Dead Poets Live: The Death Of Arthur
How Tennyson wrote In Memoriam
Alfred Tennyson was twenty-four when he heard the news that Arthur Hallam had died, suddenly, on 15 September 1833. The news produced a surge of elegy: among the many poems Tennyson drafted that autumn were Tithonus, Ulysses, and the earliest sections of a sequence, dedicated to Hallam, that kept on growing and changing until finally, after seventeen years, when Tennyson was forty, it was published, anonymously, as In Memoriam. It became an instant classic, ran to many editions, made Tennyson’s name, and earned him the position of Poet Laureate.

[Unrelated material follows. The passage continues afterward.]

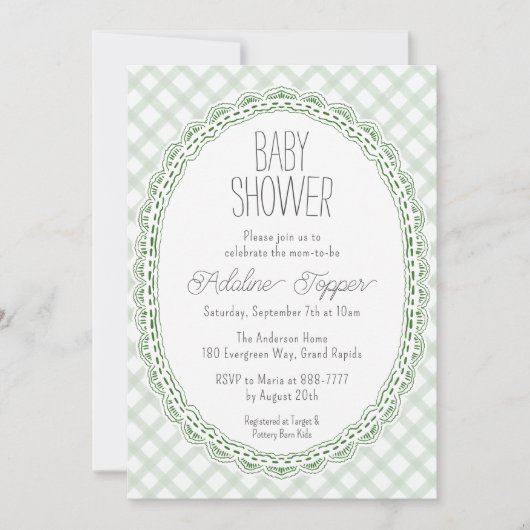 019 Bos Oud Kant Frame Gingham Baby Shower Kaart (Voorkant)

But twenty years and twenty editions later he was still tinkering: in 1870, aged 61, he added a new section.
This Christmas Dead Poets Live return to The Coronet Theatre with a new version of In Memoriam: to present it, not in the order its sections were finally published, but in the order they were first composed; to set the story of how this classic poem came to be against the story of Tennyson’s 20s and 30s, retracing the many scruples and crises that produced this founding study in grief.
Dead Poets Live have established a cult following at The Coronet Theatre for their dramatised readings of classic poetry, attracting some of Britain’s finest actors including Charlotte Rampling, Miranda Richardson, Toby Jones and Tom Hiddleston. All proceeds from their evenings go to the charity Safe Passage. Dead Poets Live is devised and supported by The TS Eliot Foundation.